-- Supplied data --
··········

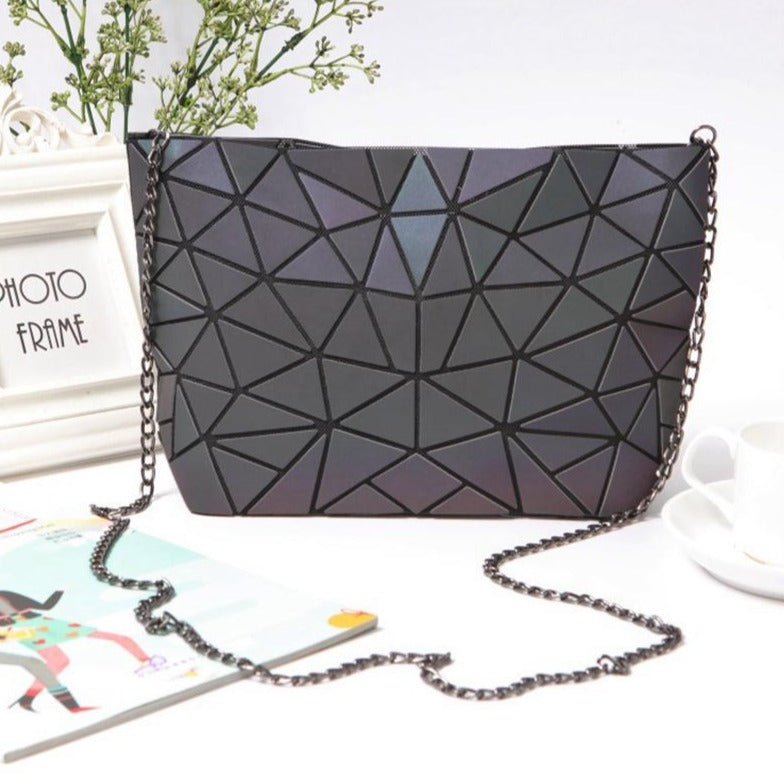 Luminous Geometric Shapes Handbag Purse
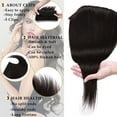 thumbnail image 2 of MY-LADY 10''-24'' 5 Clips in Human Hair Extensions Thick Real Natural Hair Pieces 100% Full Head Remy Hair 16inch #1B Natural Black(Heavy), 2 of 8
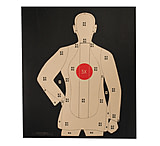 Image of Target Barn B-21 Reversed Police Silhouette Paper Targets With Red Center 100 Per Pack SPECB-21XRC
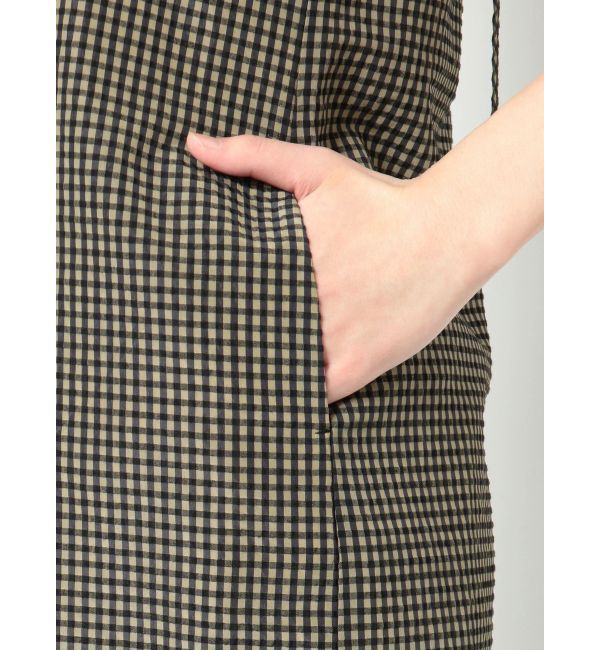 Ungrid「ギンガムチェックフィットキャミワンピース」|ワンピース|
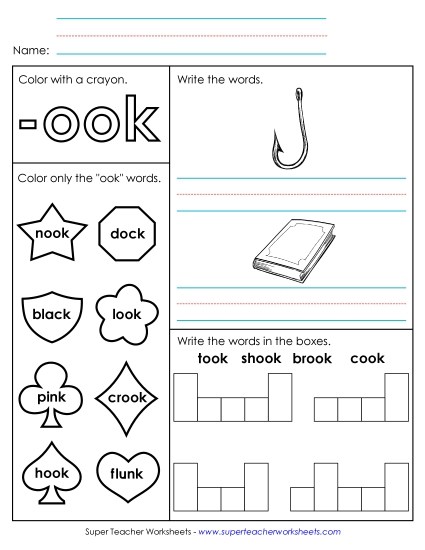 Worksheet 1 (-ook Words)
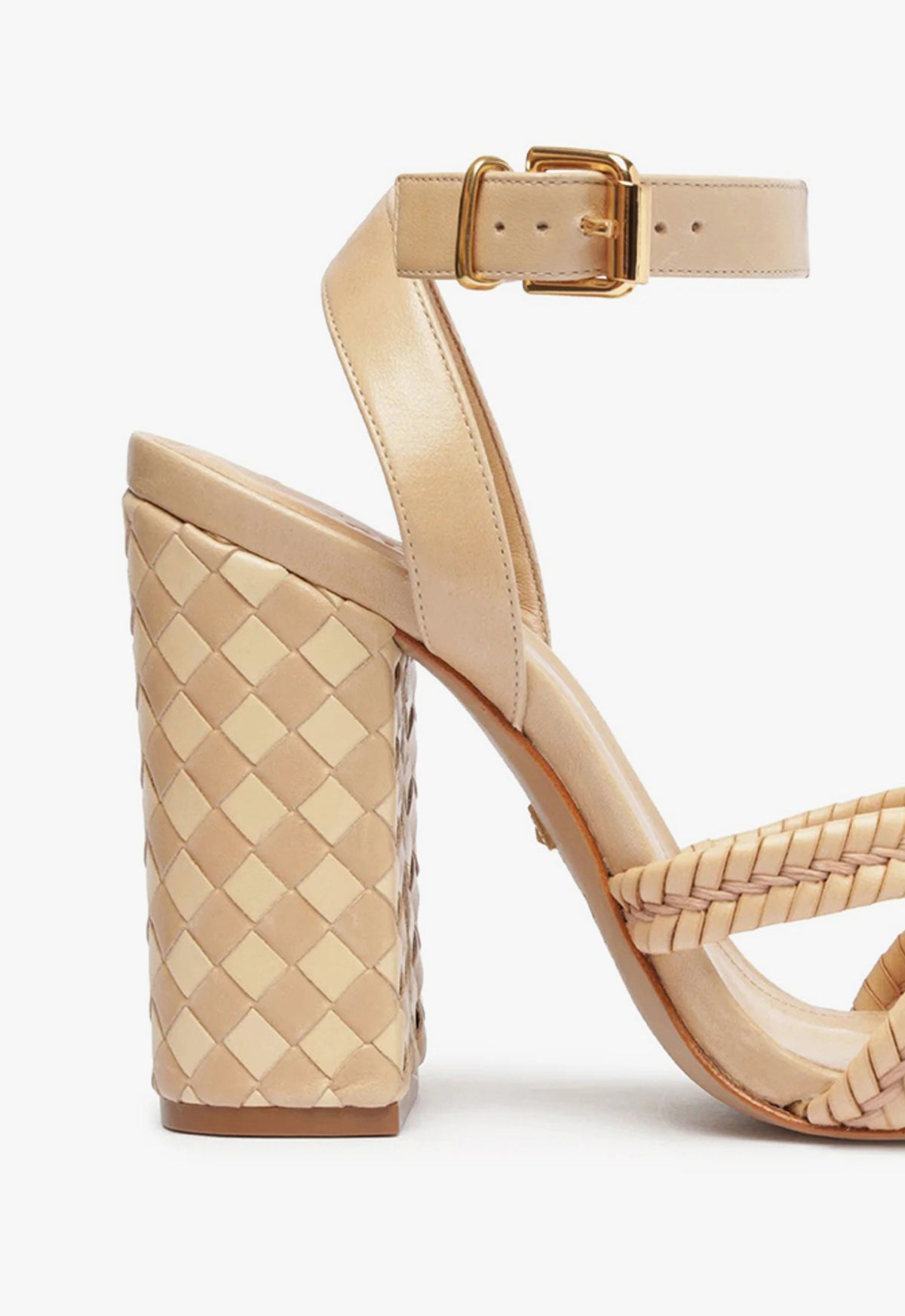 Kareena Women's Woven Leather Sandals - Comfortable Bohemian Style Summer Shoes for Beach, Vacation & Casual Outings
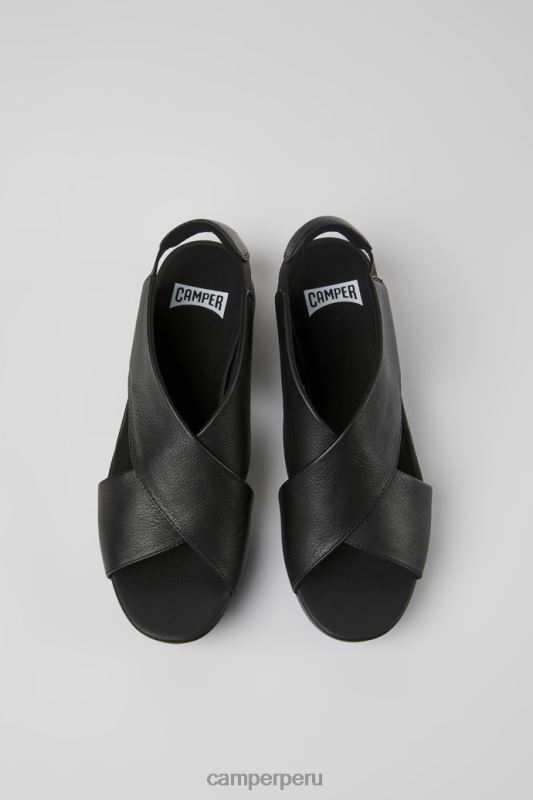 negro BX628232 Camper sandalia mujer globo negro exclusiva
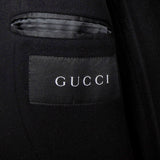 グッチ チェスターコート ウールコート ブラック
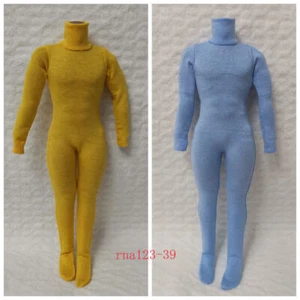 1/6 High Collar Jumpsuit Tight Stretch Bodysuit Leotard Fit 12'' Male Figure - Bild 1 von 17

··········

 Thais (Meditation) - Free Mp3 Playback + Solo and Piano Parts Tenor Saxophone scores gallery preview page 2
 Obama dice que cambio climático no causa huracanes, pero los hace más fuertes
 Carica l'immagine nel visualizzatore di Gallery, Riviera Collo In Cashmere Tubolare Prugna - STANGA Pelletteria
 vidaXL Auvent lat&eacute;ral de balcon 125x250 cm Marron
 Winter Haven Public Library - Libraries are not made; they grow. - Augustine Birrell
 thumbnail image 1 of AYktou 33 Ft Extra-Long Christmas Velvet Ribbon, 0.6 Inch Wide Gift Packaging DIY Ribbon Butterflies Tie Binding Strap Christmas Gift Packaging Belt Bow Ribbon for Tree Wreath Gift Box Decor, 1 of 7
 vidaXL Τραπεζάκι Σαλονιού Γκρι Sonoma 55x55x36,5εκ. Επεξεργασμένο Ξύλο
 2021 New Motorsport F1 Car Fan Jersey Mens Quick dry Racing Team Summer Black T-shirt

··········

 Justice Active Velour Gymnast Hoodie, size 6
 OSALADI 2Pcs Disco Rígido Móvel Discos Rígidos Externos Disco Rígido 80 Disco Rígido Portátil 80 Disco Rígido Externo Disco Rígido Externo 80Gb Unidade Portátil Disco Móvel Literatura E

··········

-- What you need to do --
Take the lines above from the one containing "Carica l'immagine nel" to the one containing "2021 New Motorsport" and retype them exactly, both ends included, with nothing added.

-- Response box --
 Carica l'immagine nel visualizzatore di Gallery, Riviera Collo In Cashmere Tubolare Prugna - STANGA Pelletteria
 vidaXL Auvent lat&eacute;ral de balcon 125x250 cm Marron
 Winter Haven Public Library - Libraries are not made; they grow. - Augustine Birrell
 thumbnail image 1 of AYktou 33 Ft Extra-Long Christmas Velvet Ribbon, 0.6 Inch Wide Gift Packaging DIY Ribbon Butterflies Tie Binding Strap Christmas Gift Packaging Belt Bow Ribbon for Tree Wreath Gift Box Decor, 1 of 7
 vidaXL Τραπεζάκι Σαλονιού Γκρι Sonoma 55x55x36,5εκ. Επεξεργασμένο Ξύλο
 2021 New Motorsport F1 Car Fan Jersey Mens Quick dry Racing Team Summer Black T-shirt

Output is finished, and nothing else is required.